Милли любила запах накрапывающей осени, мелкий листик, наколотый на тонкий каблучок Маруси, туманный воздух с дымком сжигаемой листвы и знакомой сигареты. Беспечность. Маруся не прячется под зонт и верит, что сильного дождя не будет, что еще успеют прогуляться дворами, выбирая аллейки с узенькими тропочками, где смыкаются зеленые кроны, лениво вздрагивающие от слабых капель, там невозможно разминуться двоим, не отступив в траву или грязь. В сберкассе, в очереди, они наблюдали в окно ливень, радуясь, что успели.
- Всегда будет складываться так, как я загадаю, – загадочно шепнула Маруся.
- Всегда? Шалишь. Так не бывает.
- А разве должно быть иначе? Сегодня я человек, перехитривший тучи, завтра буду другой, вот и не скучно.
- Ребенок. Совсем дитя, Маруся. С чего ты взяла, что мне скучно в этой круговерти? Или чем твоя чехарда правильней или лучше суматохи и борьбы за хлеб насущный? О чем ты думаешь?
- Ни о чем! Мне так редко удается побыть одной. Почему все боятся одиночества в нашем бешенном городе?

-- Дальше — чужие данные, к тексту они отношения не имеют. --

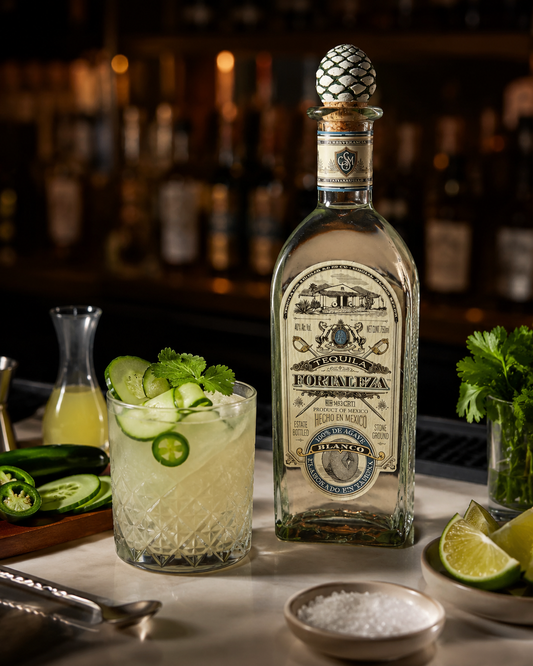 Bottle of Fortaleza Blanco Tequila on a bar beside a cucumber and jalapeno margarita cocktail with lime and salt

- Они другие. А ты сумасшедшая... Снова ты пропадешь на год. Я буду волноваться.
- Ну, зачем ты говоришь глупости?
- Я не загадываю. Я знаю тебя.
Она действительно запропала почти на год. Милли всегда ждала ее, рисуя страшные картины, что она когда-нибудь допрыгается, но Бог хранил стрекозу. Нельзя сказать, что Марусе не везло. Напротив. Ей слишком везло. За это следовало платить. И крепко. Для Милли мир опрокинулся, разбился вдребезги. Незыблемая основа семьи, взглядов и принципов превратилась в прах. Проблемы беспутнейших приятельниц – Маруси, Зоси Черного кота и даже мудрой Беллы Цапелиной стали очень злободневны. Пятнадцать лет назад они заблуждались, а она созерцала метания, странные мучения. Но девичьи ошибки дают право поступать также, повторять заблуждения подруг?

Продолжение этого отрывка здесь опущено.